Often readers pick up a book and automatically believe everything that the narrator is telling them. However, narrators are not always to be trusted. A prime example of an unreliable narrator is in Mary Shelley’s Frankenstein. In Frankenstein, the narrator is believed to be a sailor who saved Dr.Frankenstein. The sailor listens to the doctor and writes down his story. However, it is later revealed that Dr.Frankenstein had taken the sailor’s journal and manipulated it to fit the narrative that he sought to tell. By revealing that the journal is tainted, the reader could no longer trust the book’s narration by the sailor. I have this same suspicion in Percival Everett’s I Am Not Sidney Potier. At the beginning of the story, our protagonist and narrator is a young Not Sidney Potier. Not Sidney sees the world through a very interesting lens. Not Sidney often describes his story in ways that seem rather far fetched and occasionally unbelievable. So the question that I ask is: Can we believe Not Sidney?
A major issue with Not Sidney’s narration is that a lot of it comes from memory. Memory in literature is known for being misconstrued by the person remembering and maybe even exaggerated in some aspects.
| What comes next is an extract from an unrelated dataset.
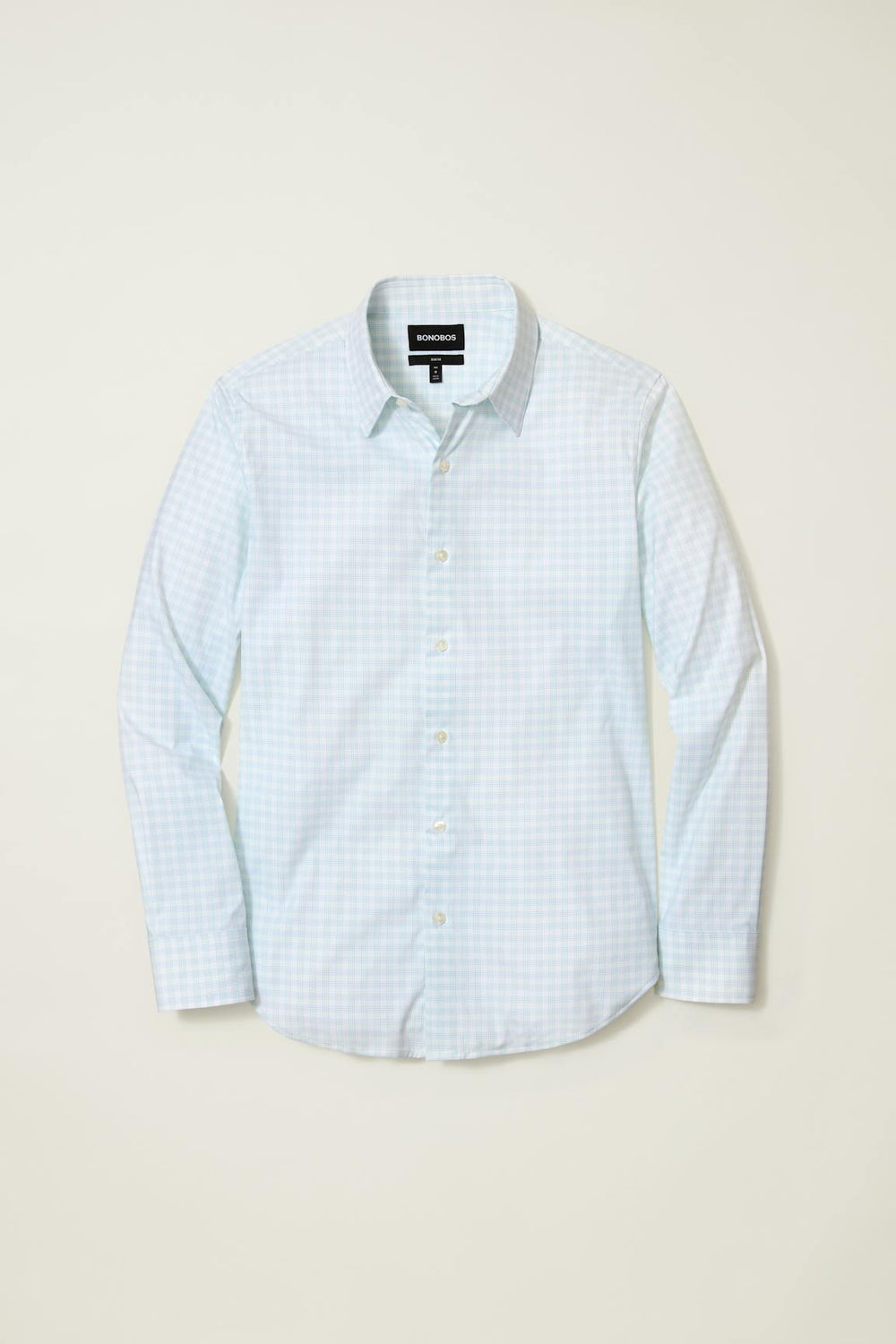 Tech Button Down Shirt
Maybe a person ran from the police for a mile but their memory told them it was several miles because of the heat in the moment. Not Sidney recalled that girls would kiss him in order to understand his name. They would in turn beat him for not holding up his end of the bargain. Not Sidney had said that “There was some upside, as some of the looser girls would offer to kiss me if I told them my name” (29). On the surface this seems like something plausible until the reader remembers that he is a thirteen year old boy who may exaggerate situations like these. It seems more likely that this happened to him once, maybe even twice. This statement by Not Sidney is certainly enough to at least question his credibility.
Another instance of utilizing memory is when Not Sidney explains the story of his birth. The story of his birth obviously needed to be told to him by someone and that someone was his mother. This is where the credibility of he and his mother gets extremely shaky. Not Sidney’s mother was asked how long she had been pregnant for and she responded with “Stand back, girls! Two years he’s been forming and now he’s coming!” (4). The whole idea of Not Sidney being in the womb for two years would be a scientific phenomenon if true. The longest recorded pregnancy in history was approximately 375 days; which would 355 days less than his Not Sidney’s mother’s pregnancy. Either Not Sidney’s birth was amazing or the length of the pregnancy was lied about by someone.
Not Sidney’s age plays a big part in his lack of validity as a narrator. Being a young narrator is not Not Sidney’s fault but kids can stretch the truth even if they are unaware. Not Sidney began his narration in the book as a preteen who believes he has a superpower that is known to him as “fesmerizing”. One of his first uses of his fesmerization power was when he asked Wanda Fonda to snatch Jane’s bikini top while they were riding on Ted’s boat. To Not Sidney’s satisfaction, the fesmerization seemingly worked. Not Sidney said “two success in a row, scared me greatly” (27) which shows his deep belief in his own super powered ability. The fesmerization instances in the book seem pretty unbelievable, similarly to the nonsense about him being in the womb for two years. Not Sidney may not be dishonest as a narrator. However, he may just be arrogant as to what is actually happening.
In “The Bedford Glossary of Critical and Literary Terms” by Ross Murfin and Supryia M. Ray, the word narrator is defined as “a speaker through whom an author presents a narrative” (282). This quote shows that Percival Everett may have intended for No Sidney to be unbelievable. I think from the beginning of the book Everett attempted to make Not Sidney seem unrealistic and for his mere existence to be preposterous. Murfin and Ray also state in the glossary that “the type of narrator used is intertwined with point of view, the vantage point from which the narrative is told” (282). This quote supports that Not Sidney may be a reliable narrator from his point of view, but through the lens of the reader he seems awfully ridiculous.
Ultimately Not Sidney cannot be believed as a narrator because of the earlier stated factors. Not Sidney narration often reflects memories of himself and other people who may have not gotten the story right. Not Sidney’s age and maturity also play a major role in his illegitimacy as a narrator. Not Sidney may not have been trying to deceive the reader through his telling of the story, but it is fair to question him before believing everything that he says.